Énième coup de com’, ou réelle initiative du gouvernement ? L’annonce faite par Marlène Schiappa d’un Grenelle prévu pour le 3 septembre, soit deux mois après le regroupement massif du 7 juillet, ne convainc ni les collectifs féministes, ni… ni personne en fait. 


75.
75 femmes sont décédées sous les coups de leur conjoint depuis le 1er janvier 2019.

Alors que le samedi 7 juillet, plus de 1 500 personnes se sont rassemblées place de la République en scandant l’urgence de la situation avec des pancartes explicites comme « le féminisme ne tue personne, le machisme tue tous les deux jours », le Gouvernement a décidé d’agir. Agir oui, mais après les vacances hein, parce que quand même, faut pas pousser.

03/09/19, une date si lointaine que des questions se posent sur les intentions du gouvernement

Et ce Grenelle, ça apporterait quoi ? 

Alors que Marlène Schiappa annonce au micro de France Inter, et sur son compte Twitter que...

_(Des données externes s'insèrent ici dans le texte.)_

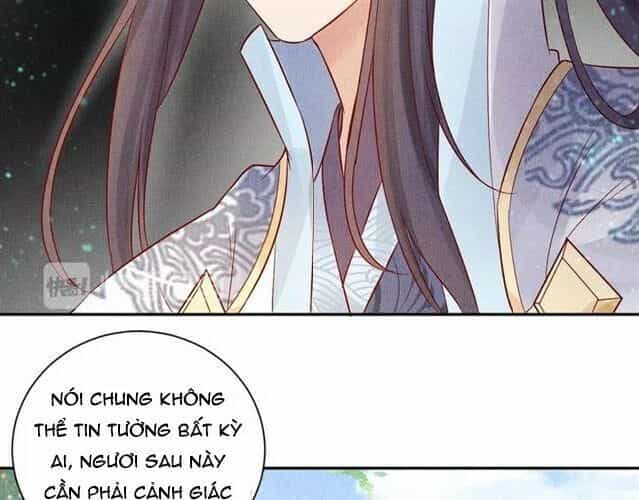 Thịnh Sủng Y Phi Chi Dao Quan Truyện - Chương 56 - ảnh 25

... le Collectif NousToutes, se demande ce qu'il se passera après le 3 septembre...

Bien qu'encore floues, des mesures ont été anoncées telles que « l'exclusion de la residence alternée en présence de violences conjugales ou intrafamiliales » ; reste à savoir quand elles seront effectives.

Notons enfin que la plupart des femmes tuées par leur conjoint, ou ex, avaient déjà signalé leurs craintes à la justice, avant que l'irréparable ne soit commis. Ici encore, un enjeu de taille.